There is no obstruction, the woods, where is now James City, have all been cleared away to prevent it. The vessels in the harbor are displaying their flags; the rivers are whitened with their sails and rippled by the gentle breeze, reflecting the rays of the sun appear like a bed of crystals—on the wharves there are bustle and activity—vessels unloading and reloading. Up the Trent on the south side are cultivated fields and beautiful groves. On the north side, skirting the land, is the wide marsh dotted here and there, with a purple or brown tree, flowers on a green carpet stretching up to Clermont, the home of the Moores and the Spaights, beyond it the home of the Bryces and Gastons; with the division of a creek only, Pembrook, the home of the Nashes. The British standard is floating out lazily in the light wind, or hanging idly against the staff in the dreary atmosphere and reaching high about the Palace. As the banner is raised or lowered the town is shaken with the thunders of artillery and with it the drum announces the rising of the sun and closing of the day.
The world had turned and with the sinking sun, now,
“The golden light in dazzling brightness streamed,
Where the high windows of a palace gleamed,
And through the silken curtains softly fell
Upon a scene where splendor loved to dwell.”
The shades of evening presently gather around the scene and with nightfall the Palace is brilliantly illuminated. It is the night of the Governor’s levee. After the reception of the guests His Excellency and Her Excellency first, with persons of distinction, walk a quadruple, then are seated on elbow chairs, in the middle of the ball room, when the dances generally commence. Lady Tryon is dressed in the highest style of elegance and decorated in all the splendor of jewelry. The bewitching Esther Wake is richly and becomingly dressed and is the focus of all eyes—all absorbed—watching her graceful movements and splendid figure. There are other sweet and lovely ladies on the floor, some perhaps excelling even in beauty the famed and popular English belle. Our great-grandmothers, noted for their loveliness and attuned with fastidious taste. Refreshments are served from silver and costly glass and china in the supper room. Orange and lemon trees, covered with [illegible] and beautiful exotic flowers are [illegible] in the spacious halls. Our great grand fathers are there, some there youths, others in the full vigor of manhood, dressed in blue coats with [illegible] buttons, buff waistcoat and breeches. [Illegible] gold and silver knee and shoe [illegible], set with gems, are sparkling in the light of the waxen candles. Governor Tryon, comparatively young, is in his court dress dazzling with gold lace, stars and ribbons. His officers are around him in scarlet and gold. Noble and eminent visitors are present in gorgeous uniforms. It is altogether a scene of rare beauty.
The hands on the dial of the clock, at last, mark a late or rather early hour; the morning has again come. His Excellency and family retire. The Palace is hastily emptied of its gay and brilliant company and once more in its grand halls quiet and darkness reign.

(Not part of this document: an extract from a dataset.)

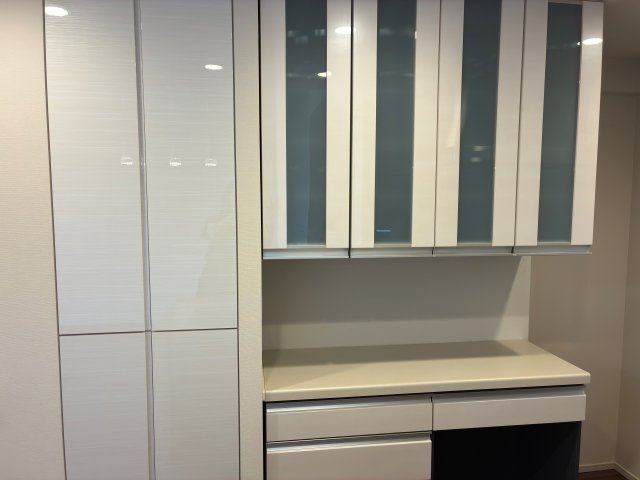 ドレッセＷＩＳＥたまプラーザＢ棟のキッチン|背面収納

We say such scenes as we have attempted here briefly to describe, if we can credit our fathers, occurred again and again in October 1770, and in the winter of 1770 and 1771. And through all the changes of time there is still left in this town, and is now in the possession of Miss Attmore a dress that was worn at a ball in the Palace, by a lady connected with her family. The Misses Custis have a piece of silver with Tryon’s name engraved thereon and the Hon. C.C. Clark owns the clock that was also in the Palace. Other articles could be mentioned still here, that were there, if we had the time and space. Hoop skirts, it may be interesting to our ladies to know, were then fashionable and considered no the least essential part of the attire of the pretty daughters of Eve, to make a captivating figure. The waist of the dresses had been reduced to a very few inches, and they were made from a scant pattern of material—cut quite low in the neck and were sleeveless. We are speaking of a ball dress, and thus our mothers delighted to expose their beautiful busts and arms. They were all, however, too thinly clad, and many of them paid the penalty of this sacrifice of comfort for appearance with their lives ere they had reached many years. The gravestones in cemeteries tell this sad story.

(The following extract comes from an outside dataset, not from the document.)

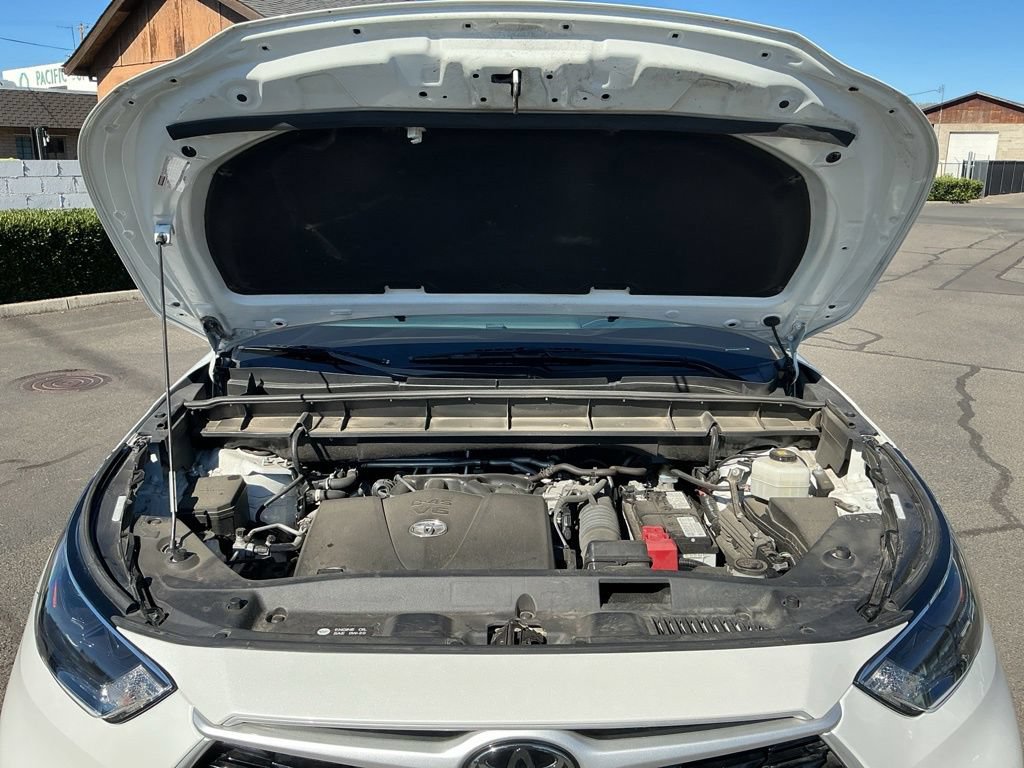 Used 2022 Toyota Highlander XLE AWD/4WD image 36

As we have heretofore stated, the Assembly met in Newbern on the 5th December, and the Governor received them in his Palace. We will here, as it may not prove uninteresting, give the proceedings respecting the organization of that body for business. The marked difference will be observed between the organization then and of the State Legislature in our time. The effort now is to get clear of all unnecessary form; then it was to adopt all form possible, however inconvenient and useless.
“The first step after the qualification of the members (which was always done in the presence of two of the Council, appointed on that duty by the Governor) was to depute two to wait on his Excellency and inform him that they had qualified, and awaited his commands. The next was a verbal message from the Governor by his private Secretary, requiring their immediate attendance to the Palace. They whole body then proceeded to the Palace and enjoyed a most fashionable call of a few moments, after which the Governor would direct them to return, and make choice of a Speaker. The next stop was, ‘Mr. Richard Caswell proposed and set up John Harvey, Esq., who was unanimously chosen Speaker and placed in the chair accordingly.’ Two members again visited the Palace and desired to know when they should wait on his Excellency, to present their Speaker, and always received in reply that he would send a message when he would receive them.”

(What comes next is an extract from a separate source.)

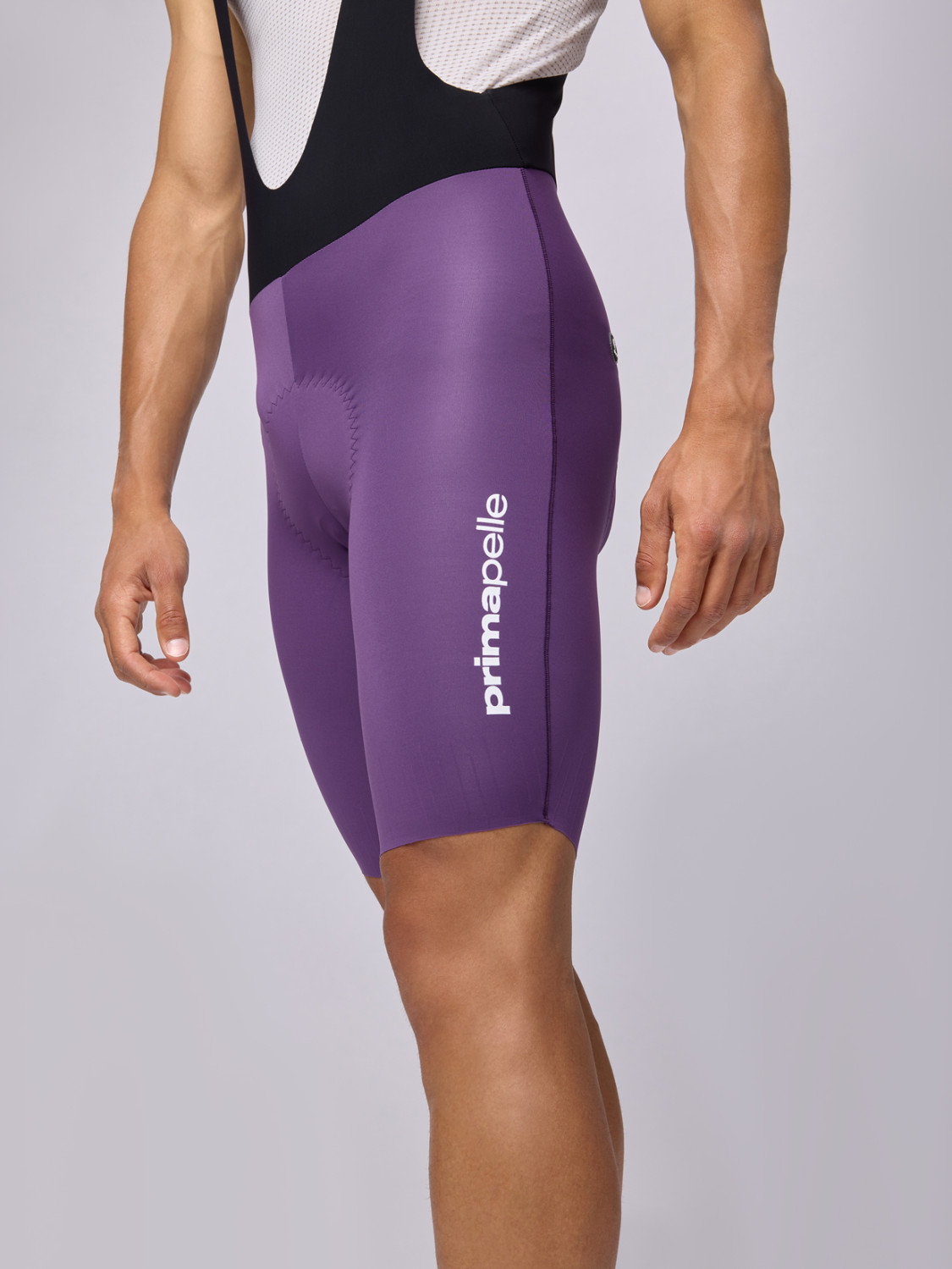 PISSEI: KURZE TRÄGERHOSE PRIMAPELLE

In a few moments (as in the present case with Mr. Biggleston) the private Secretary arrived, requiring their immediate attendance in the Palace. The House then proceeded as directed, and formally presented their Speaker, “whom his Excellency was pleased to approve.” “Then Mr. Speaker requested his Excellency to confirm the rights and privileges of the House, to which his Excellency was pleased to answer he would support the House in all their just rights and privileges, and then made a speech to his Majesty’s Council and House.”
On the return of the members the Speaker informed them that his Excellency had made a speech to the Council and the House, a copy of which, to prevent mistakes, he had procured and begged leave to lay before them. The speech was then read, and a committee appointed to prepare an address and an answer, and then, and then only, the House proceeded to the dispatch of public business.”
We further quote:
“The dinners of his Excellency must have been princely indeed, and the society of the ladies (meaning Lady Tryon and Miss Wake) the only sovereign apology, extremely delightful, to have wrung from the parsimony of the Assembly so heavy an appropriation” (referring to the cost of the Palace).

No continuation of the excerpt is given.